**DATA**
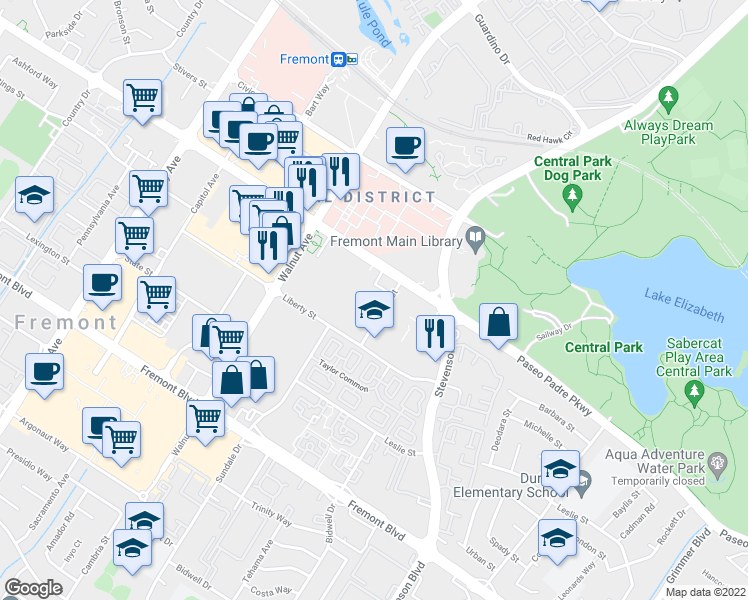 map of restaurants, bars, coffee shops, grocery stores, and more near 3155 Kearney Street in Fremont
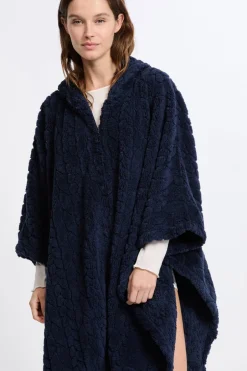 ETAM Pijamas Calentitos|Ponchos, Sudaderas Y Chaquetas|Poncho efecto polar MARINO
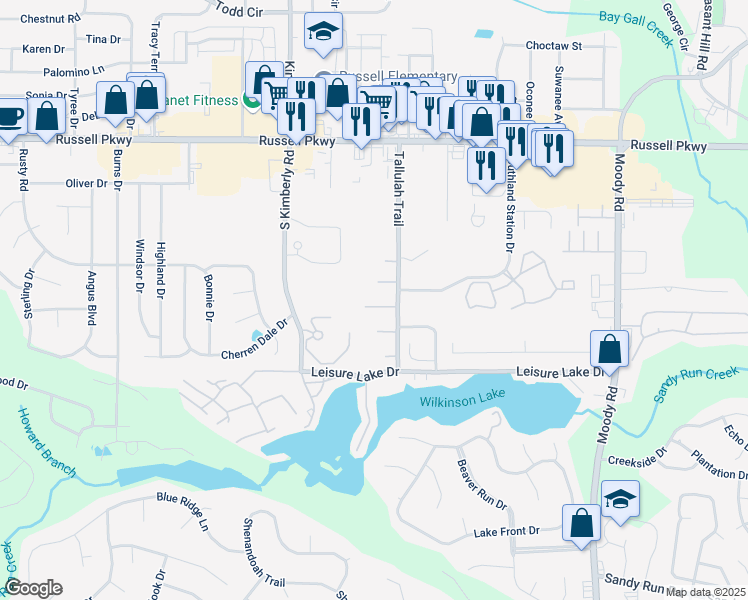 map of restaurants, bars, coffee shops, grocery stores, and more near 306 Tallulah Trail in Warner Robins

...

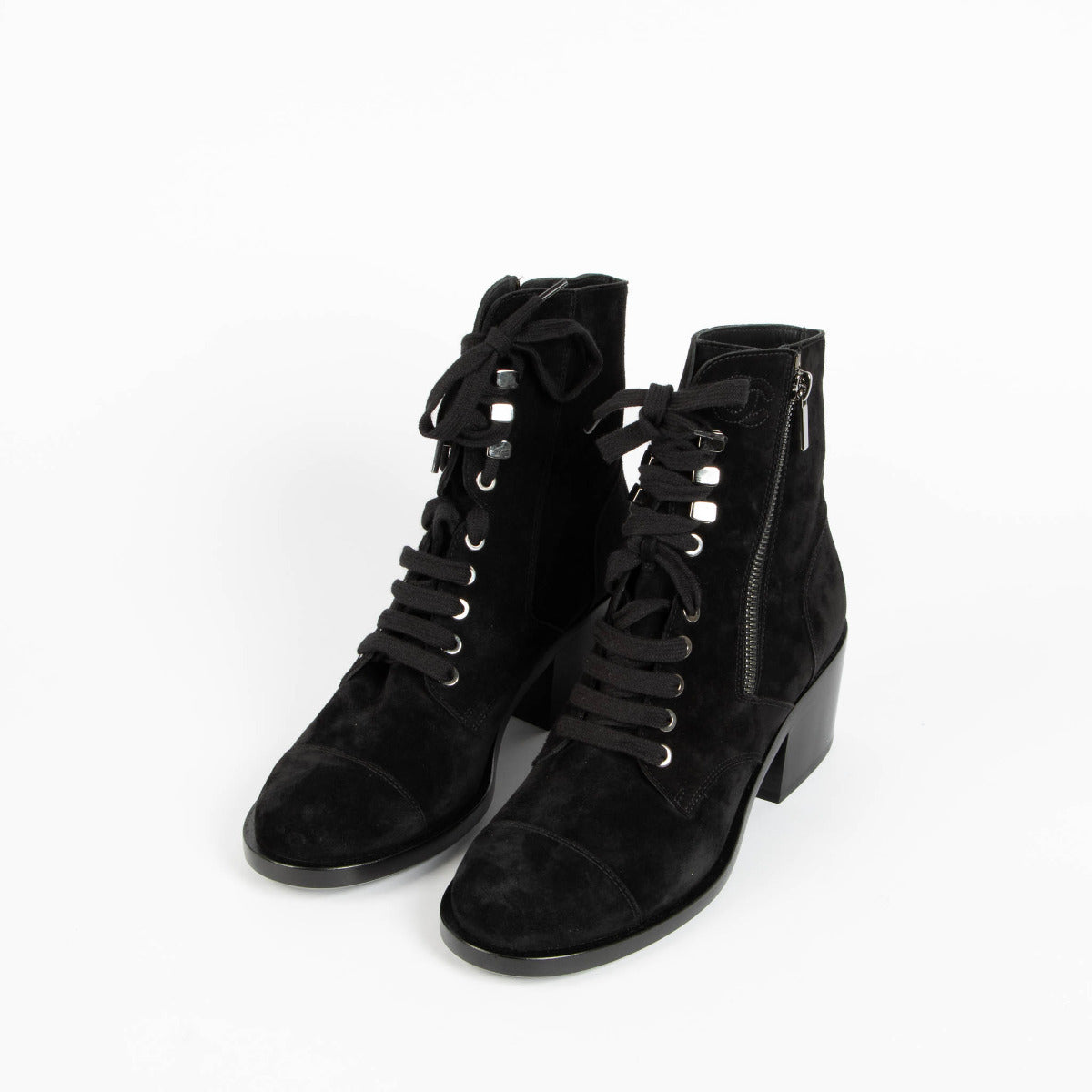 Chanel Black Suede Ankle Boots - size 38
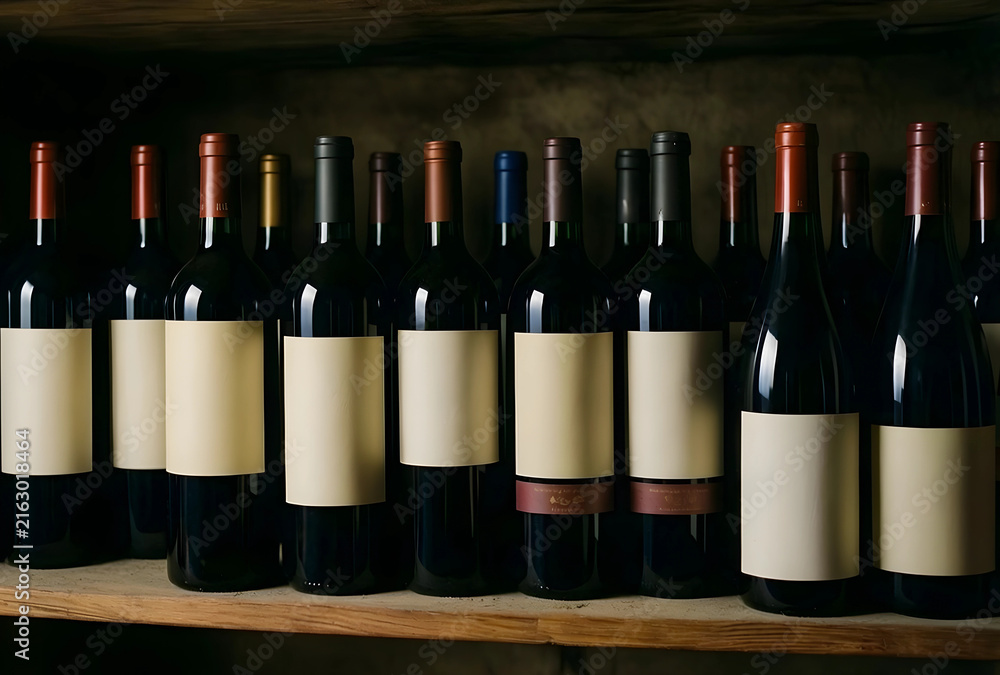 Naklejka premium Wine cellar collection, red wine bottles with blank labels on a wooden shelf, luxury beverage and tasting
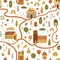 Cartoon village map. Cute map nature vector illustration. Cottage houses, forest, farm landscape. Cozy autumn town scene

**WHAT THE TASK ASKS**
Since the pictures are not part of the copy, please transcribe only the lines above from the one with "Street in Fremont" through the one with "in Warner Robins", exactly and with both ends.

**SOLUTION TO THE EXERCISE**
 map of restaurants, bars, coffee shops, grocery stores, and more near 3155 Kearney Street in Fremont
 ETAM Pijamas Calentitos|Ponchos, Sudaderas Y Chaquetas|Poncho efecto polar MARINO
 map of restaurants, bars, coffee shops, grocery stores, and more near 306 Tallulah Trail in Warner Robins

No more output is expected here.